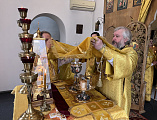 Епископ Симон совершил Божественную литургию в храме святителя Николая слободы Родионово-Несветайской
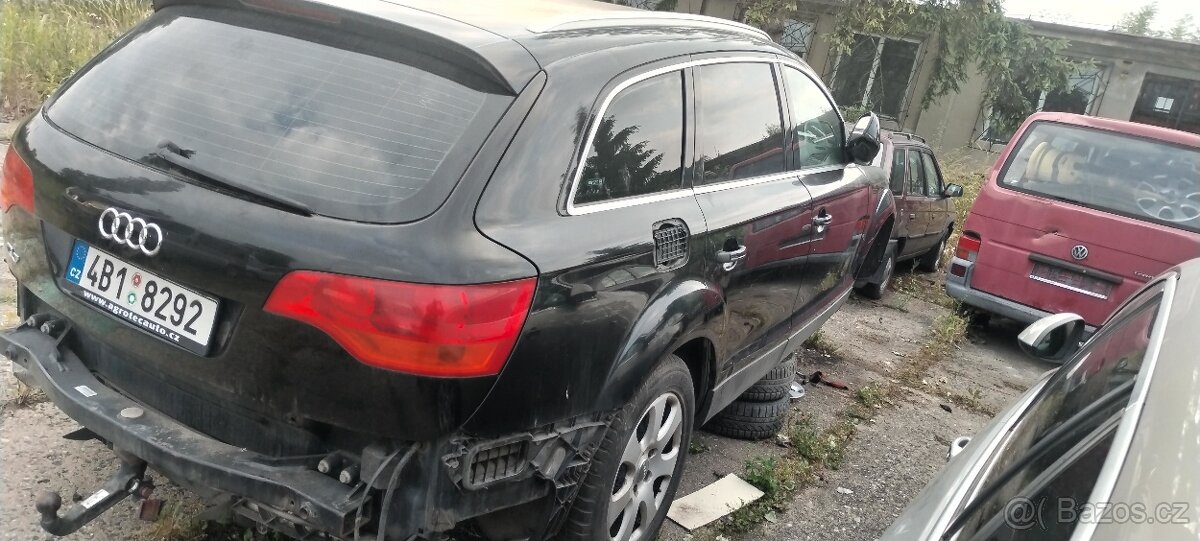 Audi Q7 3.0tdi 171kw veškeré autodíly
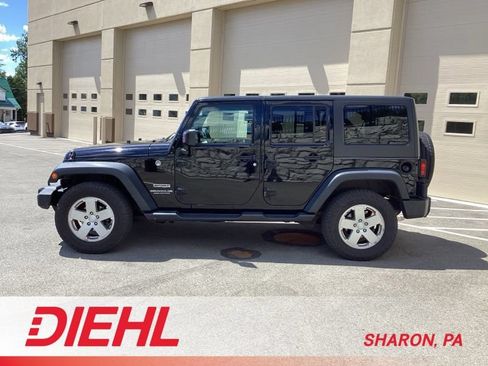 Used 2017 Jeep Wrangler Unlimited Sport w/ Quick Order Package 24S AWD/4WD image 4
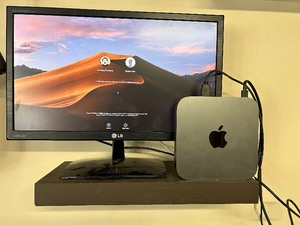 lot 81 image: Mac Mini used with Monitor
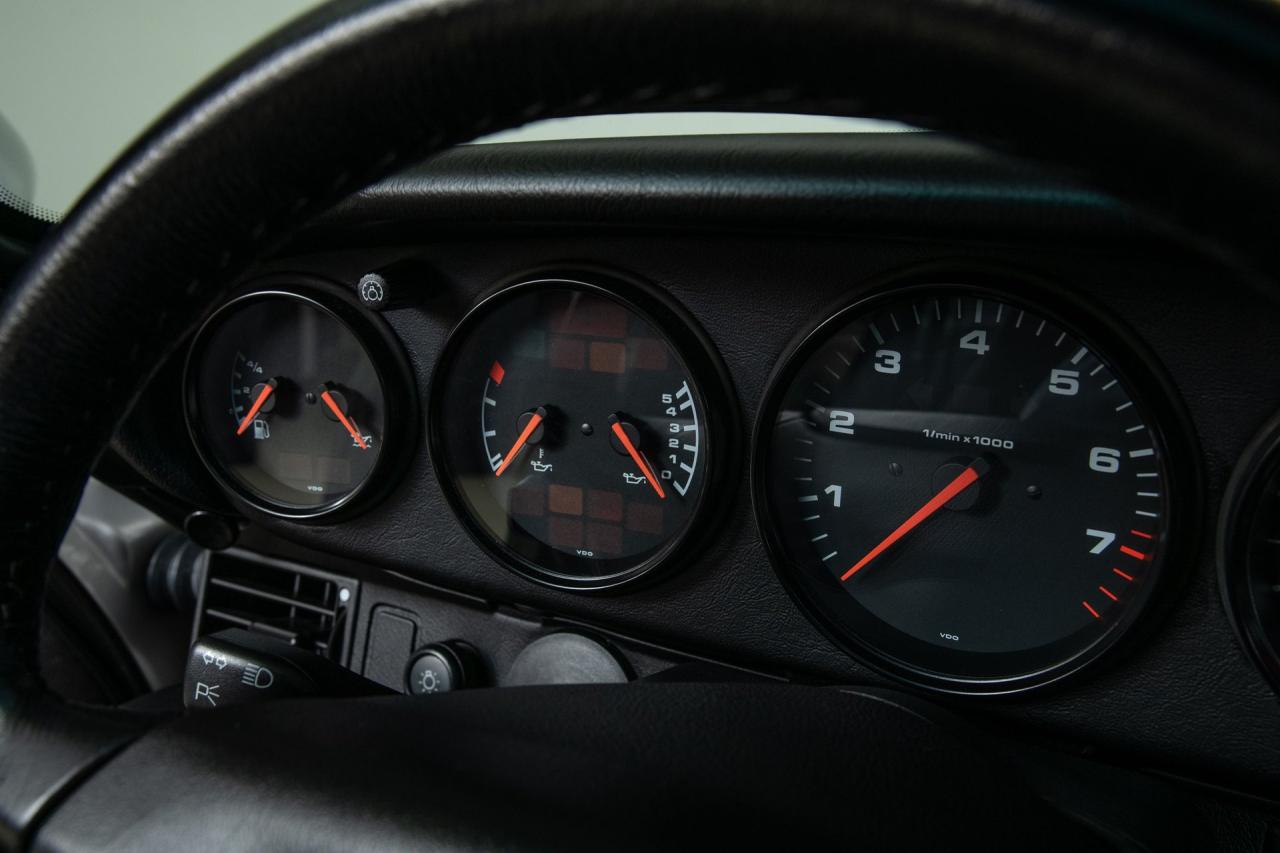 1997 Porsche 911 C4S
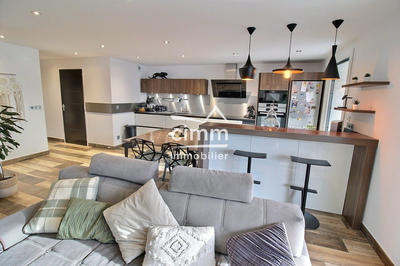 Appartement - 86 m² - 4 pièces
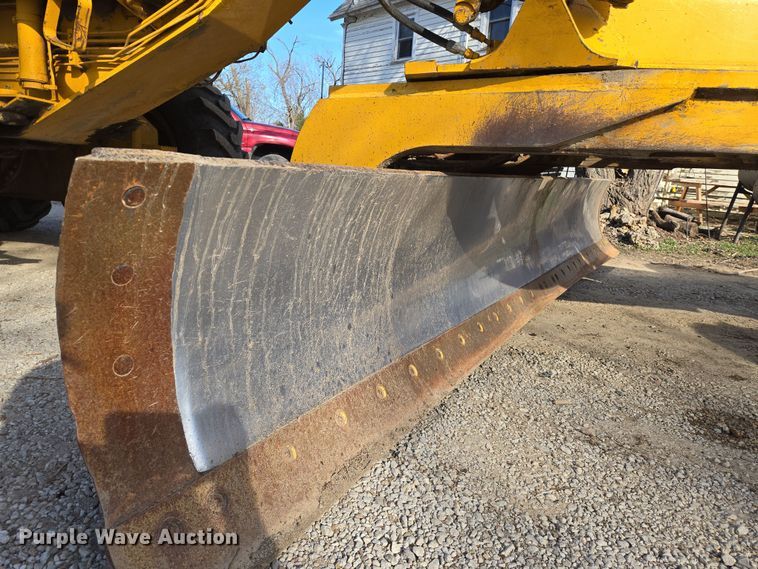 image for item EN8773 John Deere 770 motor grader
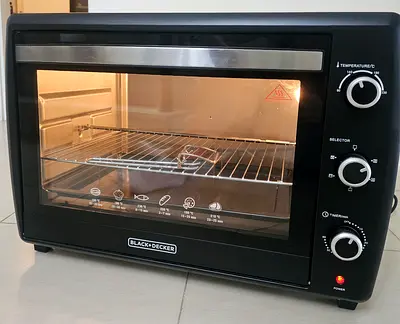 For sale: Black+Decker oven-toaster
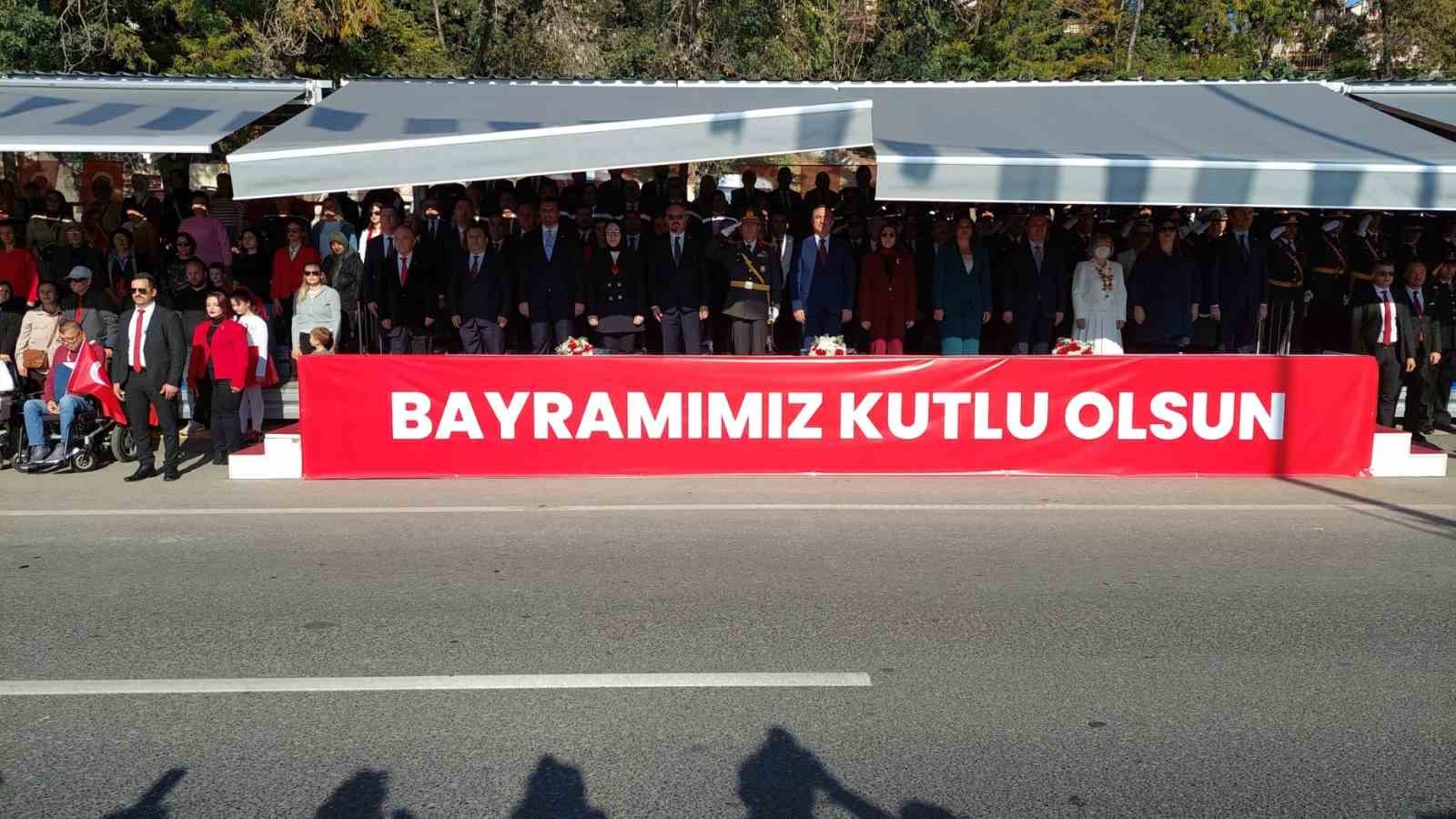 Cumhuriyet’in 101. yılı kutlamalarında Jandarma ve polis gösterileri nefes kesti
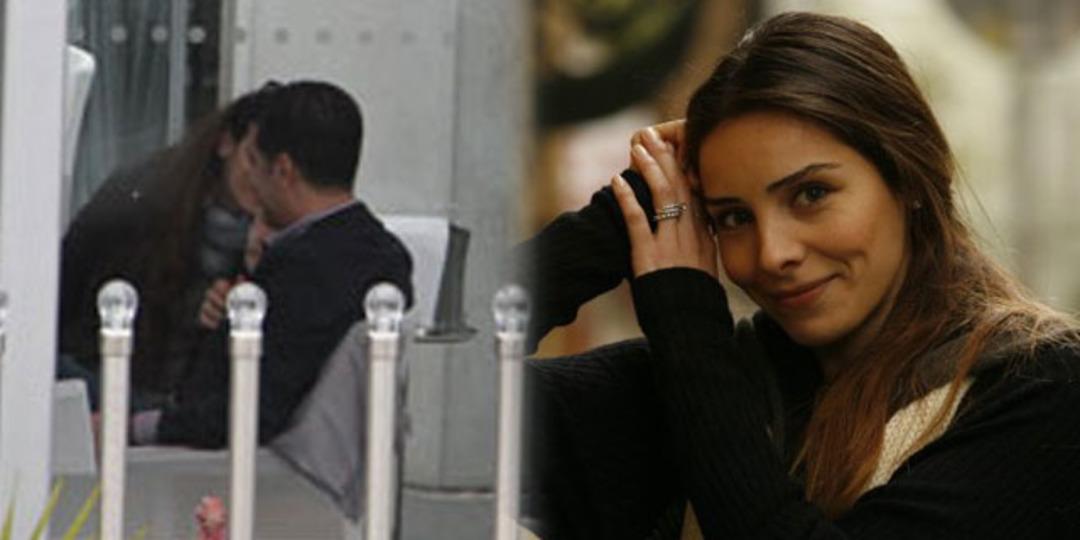 Sevgilisini &ouml;p&uuml;c&uuml;klere boğdu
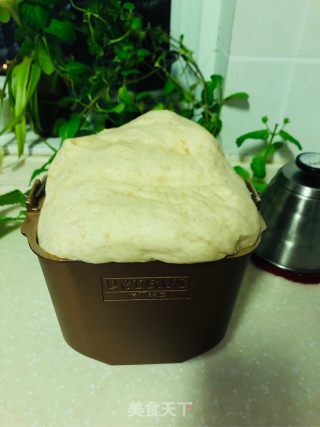 葱香肉松芒果面包卷的做法步骤：1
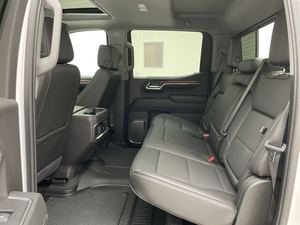2024G.M.C Serra 1500 D enali Crew.Cab 4WD Automatic Gear. Box Asientos de cuero Clean Title Accident Free Low Kilometraje - Product Image 6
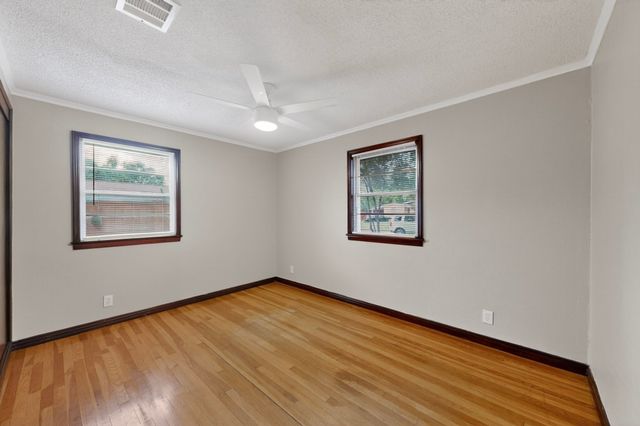 1903 Skylark Drive, Arlington, TX 76010
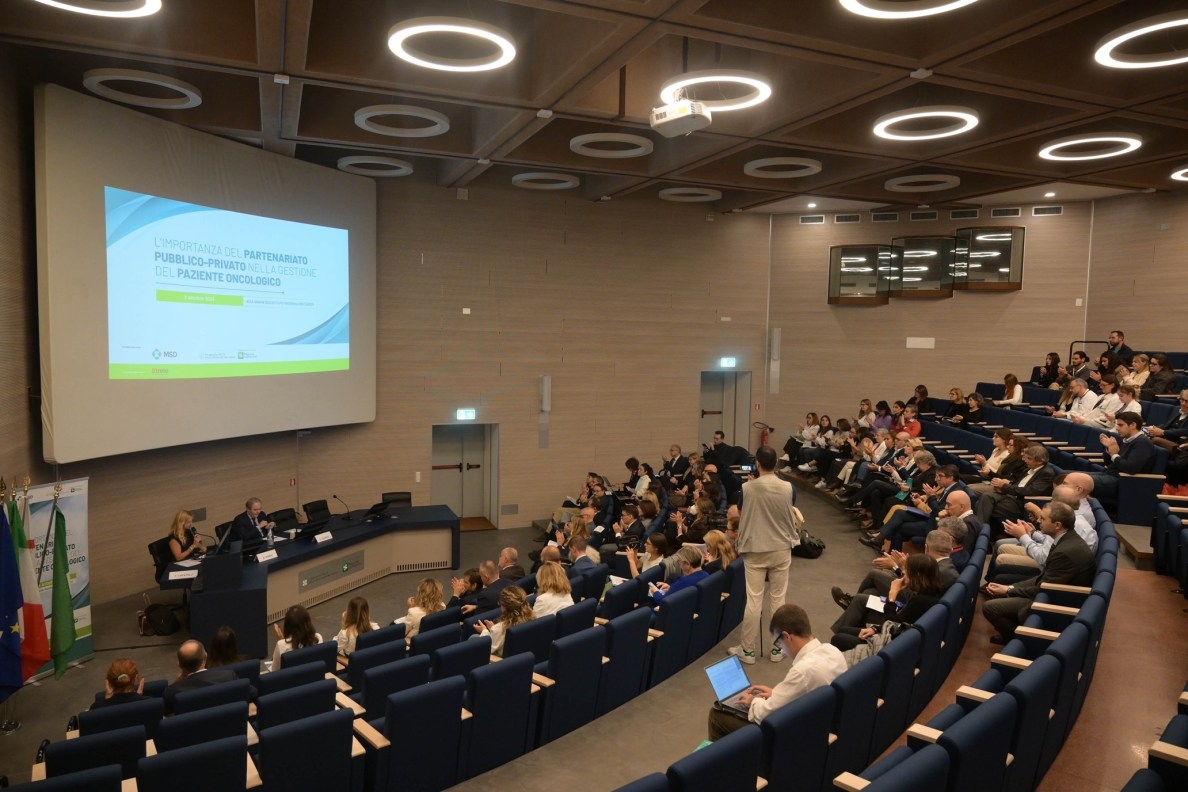 Foto sala durante presentazione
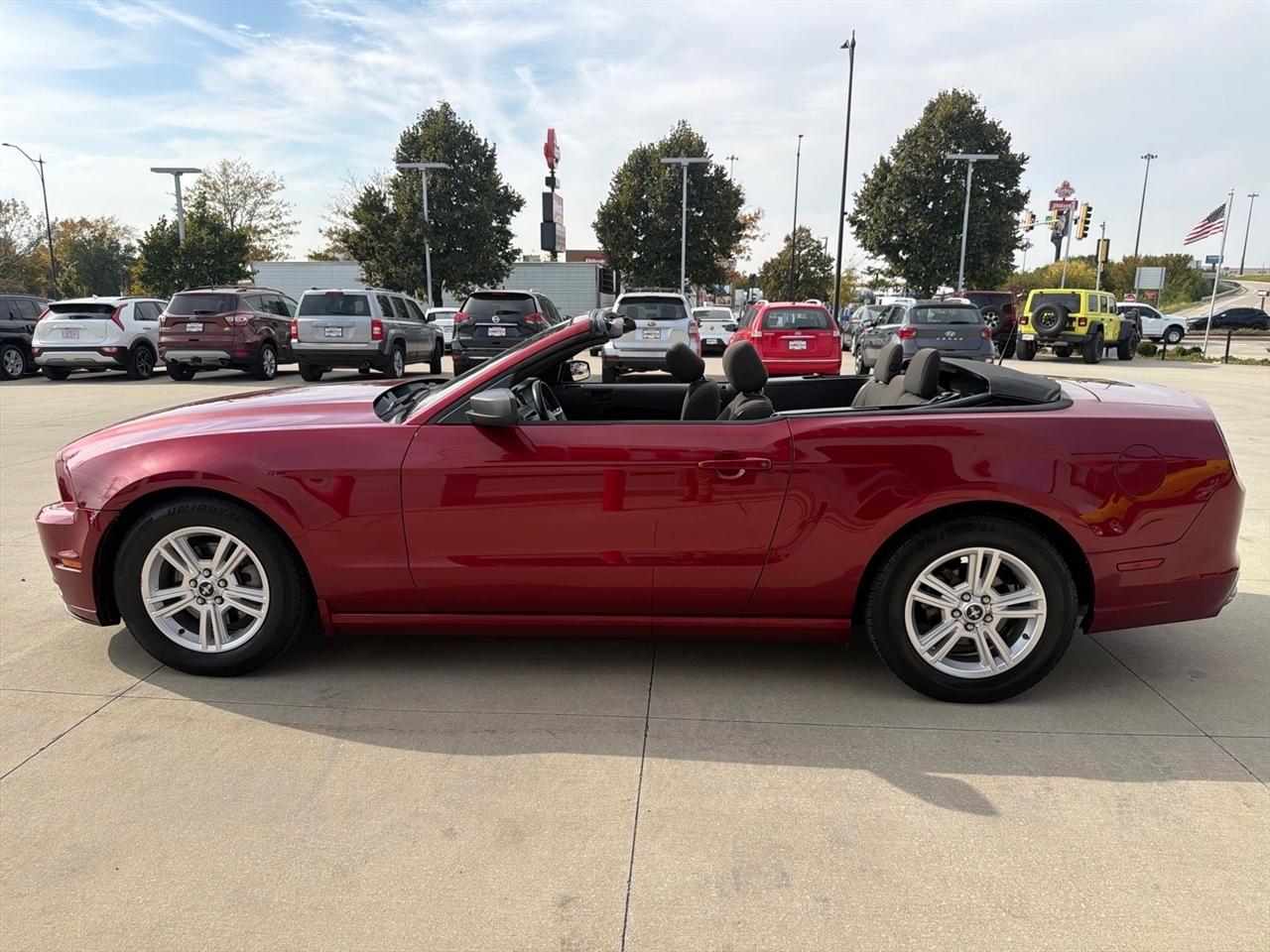 Ford Mustang 2dr Conv V6 2014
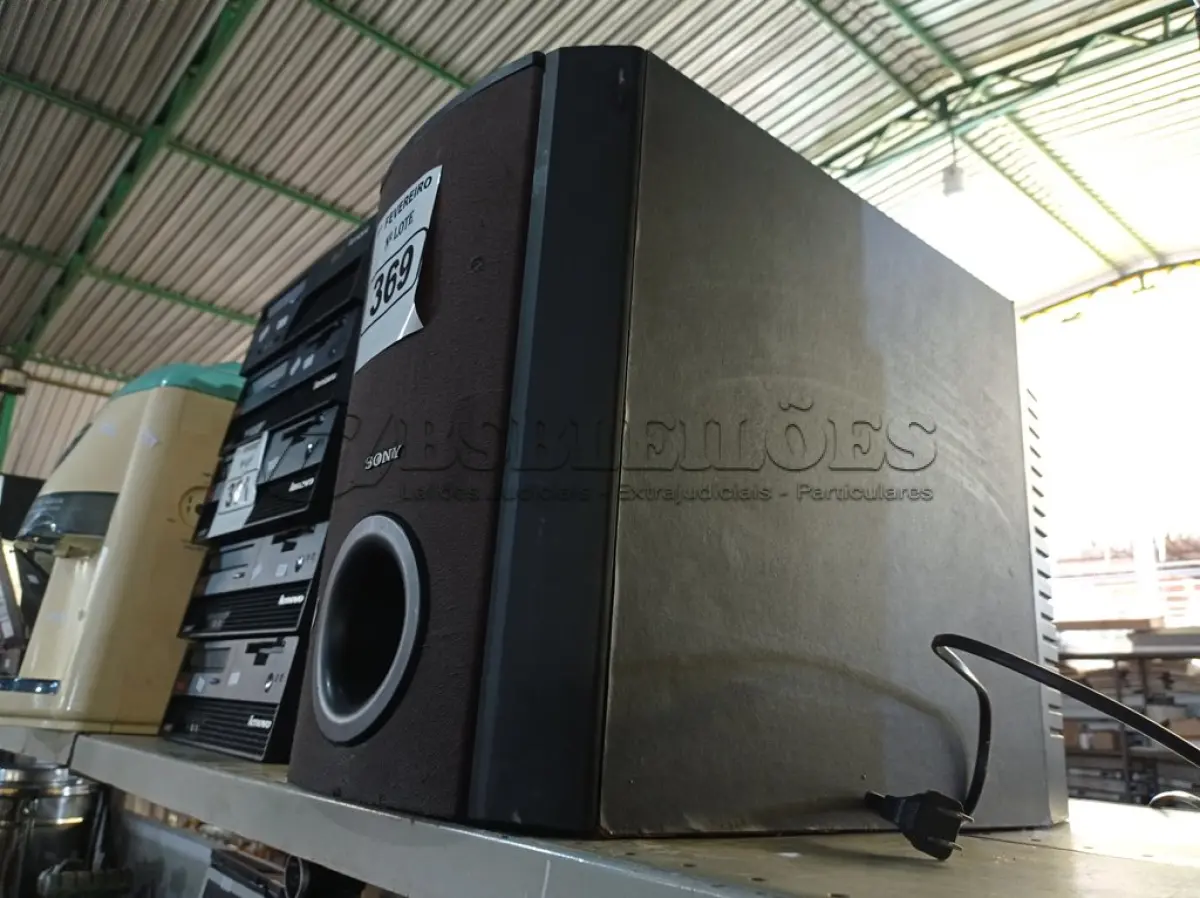 LOTE 369 - 01 SUBWOOFER MARCA SONY. (NO ESTADO) ATENÇÃO! FAZER A VISITAÇÃO ANTES DE ARREMATAR, NÃO SABEMOS SE FUNCIONA. LEILÃO NÃO TEM GARANTIA E NEM DEVOLUÇÃO, SUJEITO A POSSÍVEIS AVARIAS VISÍVEIS/OCULTAS E/OU AUSÊNCIA DE COMPONENTES.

● Task prompt: Would you restate word for word each line from the one that holds "Cumhuriyet’in 101. yılı" to the end of the material, both ends included, without the pictures?

● Exercise response:
 Cumhuriyet’in 101. yılı kutlamalarında Jandarma ve polis gösterileri nefes kesti
 Sevgilisini &ouml;p&uuml;c&uuml;klere boğdu
 葱香肉松芒果面包卷的做法步骤：1
2024G.M.C Serra 1500 D enali Crew.Cab 4WD Automatic Gear. Box Asientos de cuero Clean Title Accident Free Low Kilometraje - Product Image 6
 1903 Skylark Drive, Arlington, TX 76010
 Foto sala durante presentazione
 Ford Mustang 2dr Conv V6 2014
 LOTE 369 - 01 SUBWOOFER MARCA SONY. (NO ESTADO) ATENÇÃO! FAZER A VISITAÇÃO ANTES DE ARREMATAR, NÃO SABEMOS SE FUNCIONA. LEILÃO NÃO TEM GARANTIA E NEM DEVOLUÇÃO, SUJEITO A POSSÍVEIS AVARIAS VISÍVEIS/OCULTAS E/OU AUSÊNCIA DE COMPONENTES.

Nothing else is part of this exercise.